Prompt » Repeat, exactly as written, the line containing "How to visit" and each line after it through the end of the data.

[Source data]
..............................
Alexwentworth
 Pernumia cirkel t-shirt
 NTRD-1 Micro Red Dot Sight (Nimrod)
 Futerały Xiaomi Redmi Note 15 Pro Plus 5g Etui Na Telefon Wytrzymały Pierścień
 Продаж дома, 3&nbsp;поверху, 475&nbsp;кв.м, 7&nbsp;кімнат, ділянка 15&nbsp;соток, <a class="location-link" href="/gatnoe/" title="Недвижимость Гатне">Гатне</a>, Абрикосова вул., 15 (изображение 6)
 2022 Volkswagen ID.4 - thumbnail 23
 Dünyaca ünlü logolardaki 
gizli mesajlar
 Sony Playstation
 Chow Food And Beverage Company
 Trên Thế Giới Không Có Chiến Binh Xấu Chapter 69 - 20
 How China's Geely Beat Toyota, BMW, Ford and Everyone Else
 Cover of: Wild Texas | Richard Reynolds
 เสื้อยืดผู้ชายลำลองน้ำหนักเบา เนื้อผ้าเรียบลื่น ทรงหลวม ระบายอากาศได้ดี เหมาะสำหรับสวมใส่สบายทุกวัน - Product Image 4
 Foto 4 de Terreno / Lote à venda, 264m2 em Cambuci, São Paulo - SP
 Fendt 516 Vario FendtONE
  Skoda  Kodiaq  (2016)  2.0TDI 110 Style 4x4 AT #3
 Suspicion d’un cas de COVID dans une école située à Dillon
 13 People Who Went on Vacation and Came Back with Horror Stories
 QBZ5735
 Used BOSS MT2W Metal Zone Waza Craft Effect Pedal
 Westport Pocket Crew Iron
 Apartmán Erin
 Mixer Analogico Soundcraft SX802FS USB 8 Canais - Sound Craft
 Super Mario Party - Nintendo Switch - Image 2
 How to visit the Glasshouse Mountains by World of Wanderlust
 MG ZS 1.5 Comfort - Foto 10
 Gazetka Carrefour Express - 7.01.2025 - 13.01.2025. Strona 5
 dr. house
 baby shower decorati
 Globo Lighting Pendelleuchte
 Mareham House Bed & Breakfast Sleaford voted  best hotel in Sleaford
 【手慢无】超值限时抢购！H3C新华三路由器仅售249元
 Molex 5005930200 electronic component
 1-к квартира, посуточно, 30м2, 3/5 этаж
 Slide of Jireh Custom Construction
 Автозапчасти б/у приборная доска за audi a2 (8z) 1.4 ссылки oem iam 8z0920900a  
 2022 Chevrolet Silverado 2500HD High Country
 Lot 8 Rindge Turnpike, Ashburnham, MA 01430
..............................
Answer to this exercise »
 How to visit the Glasshouse Mountains by World of Wanderlust
 MG ZS 1.5 Comfort - Foto 10
 Gazetka Carrefour Express - 7.01.2025 - 13.01.2025. Strona 5
 dr. house
 baby shower decorati
 Globo Lighting Pendelleuchte
 Mareham House Bed & Breakfast Sleaford voted  best hotel in Sleaford
 【手慢无】超值限时抢购！H3C新华三路由器仅售249元
 Molex 5005930200 electronic component
 1-к квартира, посуточно, 30м2, 3/5 этаж
 Slide of Jireh Custom Construction
 Автозапчасти б/у приборная доска за audi a2 (8z) 1.4 ссылки oem iam 8z0920900a  
 2022 Chevrolet Silverado 2500HD High Country
 Lot 8 Rindge Turnpike, Ashburnham, MA 01430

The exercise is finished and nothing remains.